Method for testing ELO strength automatically

Discussion of chess software programming and technical issues.

Moderator: Ras

User avatar
RedBedHed
Posts: 84
Joined: Wed Aug 04, 2021 12:42 am
Full name: Ellie Moore

Method for testing ELO strength automatically

Post by RedBedHed »

Hi there,

So far I have been playing matches against the bots on Chess.com to determine playing strength. It is quite a time-consuming process. Is there a way to quickly (perhaps automatically) test the ELO strength of an engine?
>> Move Generator: Charon
>> Engine: Homura
void life() { playCapitalism(); return; live(); }
smatovic
Posts: 3233
Joined: Wed Mar 10, 2010 10:18 pm
Location: Hamburg, Germany
Full name: Srdja Matovic

Re: Method for testing ELO strength automatically

Post by smatovic »

Test suites can give you a rough estimate, e.g.:

https://talkchess.com/forum3/viewtopic.php?t=56653&

I still use them with my engine (~2000 Elo on CCRL).

--
Srdja
jtwright
Posts: 48
Joined: Wed Sep 22, 2021 9:20 pm
Full name: Jeremy Wright

Re: Method for testing ELO strength automatically

Post by jtwright »

The most common method I know of is to do a lot of fast games against an engine of known strength (usually 1000+ or more depending on the size of the Elo difference) to get an Elo estimate. You can use cutechess/cutechess-cli or other tools to automate this.
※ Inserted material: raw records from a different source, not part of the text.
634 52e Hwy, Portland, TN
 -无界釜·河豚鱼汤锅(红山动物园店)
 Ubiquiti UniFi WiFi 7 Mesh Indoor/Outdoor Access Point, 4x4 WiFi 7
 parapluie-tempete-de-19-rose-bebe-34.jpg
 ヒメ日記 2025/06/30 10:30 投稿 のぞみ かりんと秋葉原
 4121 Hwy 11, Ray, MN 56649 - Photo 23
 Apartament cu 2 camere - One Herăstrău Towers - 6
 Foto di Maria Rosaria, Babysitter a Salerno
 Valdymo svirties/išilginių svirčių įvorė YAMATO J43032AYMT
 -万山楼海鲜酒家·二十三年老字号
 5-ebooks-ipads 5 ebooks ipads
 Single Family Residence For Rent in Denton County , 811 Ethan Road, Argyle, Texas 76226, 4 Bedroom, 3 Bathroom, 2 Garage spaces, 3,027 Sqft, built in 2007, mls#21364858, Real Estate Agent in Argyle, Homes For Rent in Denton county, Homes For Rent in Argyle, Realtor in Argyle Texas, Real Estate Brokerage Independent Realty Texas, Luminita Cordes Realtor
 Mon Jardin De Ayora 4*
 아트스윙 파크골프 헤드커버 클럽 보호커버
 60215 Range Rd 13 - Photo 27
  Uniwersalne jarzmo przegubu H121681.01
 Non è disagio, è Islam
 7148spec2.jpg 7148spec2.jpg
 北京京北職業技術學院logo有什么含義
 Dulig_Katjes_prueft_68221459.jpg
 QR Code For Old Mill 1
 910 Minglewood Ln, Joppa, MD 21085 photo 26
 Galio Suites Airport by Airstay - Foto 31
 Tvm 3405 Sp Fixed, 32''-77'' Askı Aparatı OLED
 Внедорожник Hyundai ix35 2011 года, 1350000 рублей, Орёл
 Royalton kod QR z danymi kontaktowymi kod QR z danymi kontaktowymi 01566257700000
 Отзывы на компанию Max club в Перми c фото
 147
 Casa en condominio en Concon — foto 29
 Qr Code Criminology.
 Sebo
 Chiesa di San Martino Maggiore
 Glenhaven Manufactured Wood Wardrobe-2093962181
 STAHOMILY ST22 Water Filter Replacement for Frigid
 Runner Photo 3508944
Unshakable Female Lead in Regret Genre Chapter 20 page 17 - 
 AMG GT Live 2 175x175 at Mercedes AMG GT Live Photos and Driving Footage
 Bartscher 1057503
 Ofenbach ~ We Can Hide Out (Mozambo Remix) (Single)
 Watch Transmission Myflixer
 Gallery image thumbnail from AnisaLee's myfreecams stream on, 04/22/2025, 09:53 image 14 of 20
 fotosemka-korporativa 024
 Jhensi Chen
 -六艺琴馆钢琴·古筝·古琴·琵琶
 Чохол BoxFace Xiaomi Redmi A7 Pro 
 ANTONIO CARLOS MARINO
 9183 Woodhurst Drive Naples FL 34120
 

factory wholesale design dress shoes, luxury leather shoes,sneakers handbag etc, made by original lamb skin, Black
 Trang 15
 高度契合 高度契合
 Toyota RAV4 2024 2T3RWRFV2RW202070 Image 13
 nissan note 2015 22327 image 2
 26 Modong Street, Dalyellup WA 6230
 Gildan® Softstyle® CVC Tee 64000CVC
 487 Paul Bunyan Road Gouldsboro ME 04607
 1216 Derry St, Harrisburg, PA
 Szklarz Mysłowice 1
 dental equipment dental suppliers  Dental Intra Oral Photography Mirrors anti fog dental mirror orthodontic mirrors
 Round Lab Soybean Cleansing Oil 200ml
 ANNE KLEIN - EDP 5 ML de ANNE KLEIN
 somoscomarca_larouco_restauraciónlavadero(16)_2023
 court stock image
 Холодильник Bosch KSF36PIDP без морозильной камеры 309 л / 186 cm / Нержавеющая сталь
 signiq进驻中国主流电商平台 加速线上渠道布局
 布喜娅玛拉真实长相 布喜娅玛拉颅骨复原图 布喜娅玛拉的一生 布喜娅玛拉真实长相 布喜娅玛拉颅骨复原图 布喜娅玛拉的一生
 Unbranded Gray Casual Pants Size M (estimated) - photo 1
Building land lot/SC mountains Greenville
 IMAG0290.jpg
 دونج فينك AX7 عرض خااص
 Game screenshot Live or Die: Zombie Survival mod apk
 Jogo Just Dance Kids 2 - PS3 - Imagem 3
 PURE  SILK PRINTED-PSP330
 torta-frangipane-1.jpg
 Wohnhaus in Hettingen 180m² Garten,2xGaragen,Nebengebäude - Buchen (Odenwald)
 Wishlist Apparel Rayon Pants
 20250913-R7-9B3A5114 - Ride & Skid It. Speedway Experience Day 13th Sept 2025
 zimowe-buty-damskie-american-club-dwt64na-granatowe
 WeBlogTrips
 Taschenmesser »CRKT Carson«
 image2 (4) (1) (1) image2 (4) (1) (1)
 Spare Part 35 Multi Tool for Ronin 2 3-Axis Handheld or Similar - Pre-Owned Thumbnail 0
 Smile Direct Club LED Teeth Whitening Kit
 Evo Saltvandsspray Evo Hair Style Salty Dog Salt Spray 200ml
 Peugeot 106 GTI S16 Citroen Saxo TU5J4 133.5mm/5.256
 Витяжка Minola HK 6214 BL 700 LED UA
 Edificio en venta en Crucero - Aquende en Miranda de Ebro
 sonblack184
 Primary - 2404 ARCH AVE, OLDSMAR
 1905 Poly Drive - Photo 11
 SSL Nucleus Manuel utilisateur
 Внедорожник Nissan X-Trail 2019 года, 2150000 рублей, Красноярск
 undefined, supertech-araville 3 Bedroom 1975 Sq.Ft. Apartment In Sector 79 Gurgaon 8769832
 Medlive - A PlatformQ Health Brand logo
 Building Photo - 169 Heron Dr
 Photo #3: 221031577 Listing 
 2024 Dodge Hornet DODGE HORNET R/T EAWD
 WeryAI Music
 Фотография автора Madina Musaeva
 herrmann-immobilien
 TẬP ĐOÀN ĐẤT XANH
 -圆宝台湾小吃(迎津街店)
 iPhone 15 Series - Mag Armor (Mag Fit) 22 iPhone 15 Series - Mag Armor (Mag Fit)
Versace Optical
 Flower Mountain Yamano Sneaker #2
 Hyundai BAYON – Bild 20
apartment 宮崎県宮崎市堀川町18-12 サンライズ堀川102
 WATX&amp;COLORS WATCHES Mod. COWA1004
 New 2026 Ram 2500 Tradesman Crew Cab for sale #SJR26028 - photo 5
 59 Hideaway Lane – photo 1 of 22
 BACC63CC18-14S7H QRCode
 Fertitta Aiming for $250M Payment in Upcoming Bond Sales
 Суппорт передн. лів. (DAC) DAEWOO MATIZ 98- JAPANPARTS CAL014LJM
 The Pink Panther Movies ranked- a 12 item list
Once you know your own engine's strength, this can be a reference version of your own engine. While it's a bit noisy as a measurement, since engines have differing strengths and weaknesses, this can usually give a surprisingly solid estimate. e.g. I use this for my own estimates. Mantissa 3.7.2 had a performance of 150-160 Elo over 3.3.0 in selfplay at fast time controls. CCRL testing showed it jumped by about 170 Elo on the Blitz lists, which was pretty close to what my estimate was from selfplay.

If you want to go even more legit than that, you can download several engines of similar strength to your guess ("similar" can be pretty generous here), and set up a whole gauntlet in cutechess. Same idea, really, just with a variety of engines.

Granted, either way this still takes a while. If you only have one core, depending on time control, this could take more than a day for clear results. Should be much faster than trying to do the same via chess.com/lichess.